As this question is some years old Is C++20 'char8_t' the same as our old 'char'?
I would like to know, what is the recommended way to handle the char8_t and char conversion right now? boost::nowide (1.80.0) doesn´t not yet understand char8_t nor (AFAIK) boost::locale.
As Tom Honermann noted that
reinterpret_cast<const char *>(u8"text"); // Ok.
reinterpret_cast<const char8_t*>("text"); // Undefined behavior.
So: How do i interact with APIs that just accept const char*
or const wchar_t*
(think Win32 API) if my application "default" string type is std::u8string? The recommendation seems to be https://utf8everywhere.org/.
If i got a std::u8string and convert to std::string by
std::u8string convert(std::string str)
{
return std::u8string(reinterpret_cast<const char8_t*>(str.data()), str.size());
}
std::string convert(std::u8string str)
{
return std::string(reinterpret_cast<const char_t*>(str.data()), str.size());
}
This would invoke the same UB that Tom Honermann mentioned. This would be used when i talk to Win32 API or any other API that wants some const char*
or gives some const char*
back. I could go all conversions through boost::nowide but in the end i get a const char*
back from boost::nowide::narrow() that i need to cast.

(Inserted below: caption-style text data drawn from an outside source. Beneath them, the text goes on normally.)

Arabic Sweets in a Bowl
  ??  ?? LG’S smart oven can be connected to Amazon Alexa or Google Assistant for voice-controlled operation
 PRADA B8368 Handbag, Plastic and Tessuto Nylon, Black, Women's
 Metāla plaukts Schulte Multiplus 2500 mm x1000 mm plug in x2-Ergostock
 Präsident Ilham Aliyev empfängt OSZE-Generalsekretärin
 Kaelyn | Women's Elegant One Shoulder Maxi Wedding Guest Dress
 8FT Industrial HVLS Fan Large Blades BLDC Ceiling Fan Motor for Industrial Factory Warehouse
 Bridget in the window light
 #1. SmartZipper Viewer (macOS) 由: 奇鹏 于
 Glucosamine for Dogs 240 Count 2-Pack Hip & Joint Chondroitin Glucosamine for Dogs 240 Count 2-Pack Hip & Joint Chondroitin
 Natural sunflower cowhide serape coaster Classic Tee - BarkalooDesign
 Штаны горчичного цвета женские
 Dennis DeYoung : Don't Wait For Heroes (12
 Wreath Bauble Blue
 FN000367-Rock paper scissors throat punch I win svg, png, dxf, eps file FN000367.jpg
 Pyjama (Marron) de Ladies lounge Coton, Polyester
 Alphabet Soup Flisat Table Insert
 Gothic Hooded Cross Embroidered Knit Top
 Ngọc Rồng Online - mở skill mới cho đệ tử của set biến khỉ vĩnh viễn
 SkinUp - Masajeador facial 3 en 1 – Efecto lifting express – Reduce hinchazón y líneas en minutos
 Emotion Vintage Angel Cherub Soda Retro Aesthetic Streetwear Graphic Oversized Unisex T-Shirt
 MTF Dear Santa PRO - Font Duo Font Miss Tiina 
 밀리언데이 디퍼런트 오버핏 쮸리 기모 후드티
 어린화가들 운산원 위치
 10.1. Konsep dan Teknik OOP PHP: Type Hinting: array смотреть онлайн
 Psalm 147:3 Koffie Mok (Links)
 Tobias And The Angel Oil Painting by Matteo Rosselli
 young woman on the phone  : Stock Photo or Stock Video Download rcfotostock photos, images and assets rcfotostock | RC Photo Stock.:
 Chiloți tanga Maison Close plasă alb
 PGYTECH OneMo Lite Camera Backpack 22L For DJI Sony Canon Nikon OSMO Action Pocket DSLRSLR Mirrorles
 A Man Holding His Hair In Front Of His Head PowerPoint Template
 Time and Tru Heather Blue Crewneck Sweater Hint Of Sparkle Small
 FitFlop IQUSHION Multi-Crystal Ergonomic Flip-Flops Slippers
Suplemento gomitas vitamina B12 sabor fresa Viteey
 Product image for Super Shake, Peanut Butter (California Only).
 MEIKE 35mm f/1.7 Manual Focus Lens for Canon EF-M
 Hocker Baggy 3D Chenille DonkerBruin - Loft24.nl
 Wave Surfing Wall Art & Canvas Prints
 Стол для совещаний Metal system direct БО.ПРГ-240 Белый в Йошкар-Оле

Is the current recommendation to just stay at char and ignore char8_t?
This would invoke the same UB that Tom Honermann mentioned.
As pointed out in the post you referred to, UB only happens when you cast from a char*
to a char8_t*
. The other direction is fine.
If you are given a char*
which is encoded in UTF-8 (and you care to avoid the UB of just doing the cast for some reason), you can use std::transform
to convert the char
s to char8_t
s by converting the characters:
std::u8string convert(std::string str)
{
std::u8string ret(str.size());
std::ranges::transform(str, ret.begin(), [](char c) {return char8_t(c);});
return ret;
}
C++23's ranges::to
will make using a named return variable unnecessary.
For dealing with wchar_t
interfaces (which you shouldn't have to, since nowadays UTF-8 support exists through narrow character interfaces on Windows), you'll have to do an actual UTF-8->UTF-16 conversion. Which you would have had to do anyway.